Дорога кончилась. Отсюда гроб нужно было нести на руках. Бантай спрыгнула на землю. Мы вшестером понесли гроб, по трое с каждой стороны, но все равно он показался нам тяжелым. Мы поднимались по крутой тропинке, а Бантай следовала за нами, забегая то с одной, то с другой стороны. За ней поднимались остальные — парами, потому что тропинка была узкая, а вдоль нее стояла высокая трава. Ходили по тропинке редко, и местами она успела зарасти. Из-за того, что больше чем двоим за раз по ней было не пройти, процессия далеко растянулась по склону холма. Во главе ее трусила собака, забегая то слева, то справа.
Наконец мы вошли на кладбище. Что это кладбище, мы поняли, увидев насыпи с деревянными крестами. Насыпи поросли травой, и иные кресты почти тонули в ней. Только немногие могилы были свободны от травы. А вокруг стеной стоял лес, угрожая поглотить расчищенную площадку. Может быть, скоро он и захватит все это: и невысокие насыпи, и крестики.
Могила для Будлонга уже была готова. Глубокая, очень глубокая, потому что были случаи, когда на кладбище являлись дикие свиньи и разрывали свежие могилы. Мы опустили в яму гроб и постояли в молчании. Возможно, кто-то должен был вслух прочитать молитву. Но никто не стал. Бантай замерла на самом краю ямы, всматриваясь в темную глубину. Когда мы бросили первые лопаты земли, она, скуля, перебежала на другую сторону. Земля сыпалась вниз, а Бантай перебегала с одной стороны могилы на другую, где еще виднелся гроб. Потом гроб скрылся под землей. Мы закопали могилу. Лопата за лопатой росла над могилой насыпь. Наконец мы закончили и ее.

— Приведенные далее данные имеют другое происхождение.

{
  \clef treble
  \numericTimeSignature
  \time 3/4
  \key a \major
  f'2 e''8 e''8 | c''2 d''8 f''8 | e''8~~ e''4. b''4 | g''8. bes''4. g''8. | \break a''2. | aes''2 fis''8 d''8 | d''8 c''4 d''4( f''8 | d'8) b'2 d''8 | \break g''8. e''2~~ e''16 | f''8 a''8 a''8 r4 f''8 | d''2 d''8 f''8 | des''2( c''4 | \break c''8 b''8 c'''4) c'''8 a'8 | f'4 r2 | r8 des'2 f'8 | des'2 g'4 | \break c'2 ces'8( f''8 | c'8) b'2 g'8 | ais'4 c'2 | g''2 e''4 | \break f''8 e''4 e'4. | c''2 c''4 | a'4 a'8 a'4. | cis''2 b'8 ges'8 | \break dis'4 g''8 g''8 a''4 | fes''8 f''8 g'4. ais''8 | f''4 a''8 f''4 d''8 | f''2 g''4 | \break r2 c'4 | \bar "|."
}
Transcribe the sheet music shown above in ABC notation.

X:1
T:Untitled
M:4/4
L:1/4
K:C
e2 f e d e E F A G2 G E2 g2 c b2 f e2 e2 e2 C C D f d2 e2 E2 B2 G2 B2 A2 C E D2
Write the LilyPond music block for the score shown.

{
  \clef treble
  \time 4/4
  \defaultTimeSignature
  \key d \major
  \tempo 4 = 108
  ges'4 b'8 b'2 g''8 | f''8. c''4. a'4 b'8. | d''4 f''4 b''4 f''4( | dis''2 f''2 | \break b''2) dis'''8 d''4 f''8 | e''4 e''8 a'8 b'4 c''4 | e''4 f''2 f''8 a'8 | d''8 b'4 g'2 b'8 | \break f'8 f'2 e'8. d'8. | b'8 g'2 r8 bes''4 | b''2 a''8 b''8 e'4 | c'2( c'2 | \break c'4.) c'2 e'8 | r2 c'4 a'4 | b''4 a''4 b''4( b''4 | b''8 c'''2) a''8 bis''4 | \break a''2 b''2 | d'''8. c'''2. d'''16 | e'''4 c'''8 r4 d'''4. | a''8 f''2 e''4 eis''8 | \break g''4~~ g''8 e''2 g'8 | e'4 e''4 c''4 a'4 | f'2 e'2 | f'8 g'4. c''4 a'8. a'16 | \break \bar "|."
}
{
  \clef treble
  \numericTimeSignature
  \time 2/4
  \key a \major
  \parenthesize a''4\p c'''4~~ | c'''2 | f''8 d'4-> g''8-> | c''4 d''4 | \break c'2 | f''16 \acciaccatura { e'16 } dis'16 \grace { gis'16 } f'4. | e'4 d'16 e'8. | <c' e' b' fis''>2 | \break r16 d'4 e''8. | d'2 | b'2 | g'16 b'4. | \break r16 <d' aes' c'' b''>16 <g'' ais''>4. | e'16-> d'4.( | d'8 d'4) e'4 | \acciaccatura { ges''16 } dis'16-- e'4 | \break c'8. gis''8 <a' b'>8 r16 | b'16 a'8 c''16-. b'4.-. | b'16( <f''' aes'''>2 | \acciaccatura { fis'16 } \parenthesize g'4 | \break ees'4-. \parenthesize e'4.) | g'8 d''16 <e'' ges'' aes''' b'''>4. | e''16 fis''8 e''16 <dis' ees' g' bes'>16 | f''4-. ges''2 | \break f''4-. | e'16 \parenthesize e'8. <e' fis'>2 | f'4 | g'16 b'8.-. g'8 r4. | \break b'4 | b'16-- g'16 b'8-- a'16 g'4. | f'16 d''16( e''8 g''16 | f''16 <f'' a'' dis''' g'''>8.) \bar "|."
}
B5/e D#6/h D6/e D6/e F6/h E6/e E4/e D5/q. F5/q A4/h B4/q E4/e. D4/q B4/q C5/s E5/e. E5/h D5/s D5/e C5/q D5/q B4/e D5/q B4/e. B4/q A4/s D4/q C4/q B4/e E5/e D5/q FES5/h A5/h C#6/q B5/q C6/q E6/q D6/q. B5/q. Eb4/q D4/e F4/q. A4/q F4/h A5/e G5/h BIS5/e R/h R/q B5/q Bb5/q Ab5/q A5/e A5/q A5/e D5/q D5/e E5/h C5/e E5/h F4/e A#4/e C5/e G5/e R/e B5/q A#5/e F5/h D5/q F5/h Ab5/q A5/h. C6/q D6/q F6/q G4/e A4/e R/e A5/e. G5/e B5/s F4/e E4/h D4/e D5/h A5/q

Один из нас воткнул в изголовье крест. На нем было написано имя Будлонга. Уже без помощи лопат мы выдрали траву вокруг могилы, чтобы она не сразу стала зарастать. Когда все было сделано, заключенные начали расходиться. Сначала поодиночке, потом группами. Я смотрел, как они уходят, как спускаются по тропинке к подножию холма. Некоторые оглядывались, но никто не окликал меня. Мы остались одни. Последний заключенный исчез из виду. Наступила ночь, мы остались одни, только двое: Бантай и я.